It is a combo of two patterns. I could not remember the book but did a search at the library and found it again. It is called
Huck embroidery
Tokyo : Ondorisha Publishers


----------



## Di19 (Mar 2, 2013)

I had to look up what swedish weaving is...very nice...I love the colours


----------



## brdlvr27 (Nov 12, 2011)

Absolutely Beautiful


----------



## mamiepooh (Sep 19, 2011)

Beautiful. I love to do swedish weaving.


----------



## Lalane (Aug 23, 2011)

Very nice what a beautiful piece. Great job.


----------



## MaryCarter (Oct 17, 2011)

pamjlee said:


> I know this is not knitting or crochet but some others have shared so thought I would too. This has been a big project for me. Started in the fall before heading south for the winter then finished when I returned. Size is 92'x92' I plan to make pillows to go with it but getting back to knitting for a bit.
> 
> Three walls in the bedroom are blue and the curtains are green with white sheers. I had planned to use it only on the bottom of the bed but see that it is the same size as the white coverlet on the bed now. May decide to use it as such.

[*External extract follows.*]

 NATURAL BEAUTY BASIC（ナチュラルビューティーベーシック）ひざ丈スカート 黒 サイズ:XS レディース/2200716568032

Its lovely....and the matching pillows would just make it that much better.


----------



## marianikole (Aug 29, 2011)

It is stunning, work of art


----------



## macnzacsmom (Apr 30, 2011)

Beautiful


----------



## csbstar (Feb 1, 2011)

Thank you for sharing!! Very intricate!! Pretty!


----------



## pamjlee (Mar 11, 2012)

Thanks everyone for your kind comments!


----------



## Marny CA (Jun 26, 2011)

Beautiful! Love your colors!


----------



## Joanne Hyde (Jul 8, 2011)

Lovely. Glad you sent in.


----------



## reader54 (Mar 1, 2013)

Beautiful. I have some books and some base material for Swedish weaving, but haven't started to learn it yet. Maybe your project will get me started on a placemat or something small. Thanks for sharing!


----------



## E Christina Dabis (Mar 31, 2013)

So, it begins with Monk Cloth and then the colorful weaving is added to the cloth. Lovely! Very lovely!

Here's a video link showing the technique. I suppose, with a bizillion years of practice, and the patience of a Saint... well, it would take me forever!!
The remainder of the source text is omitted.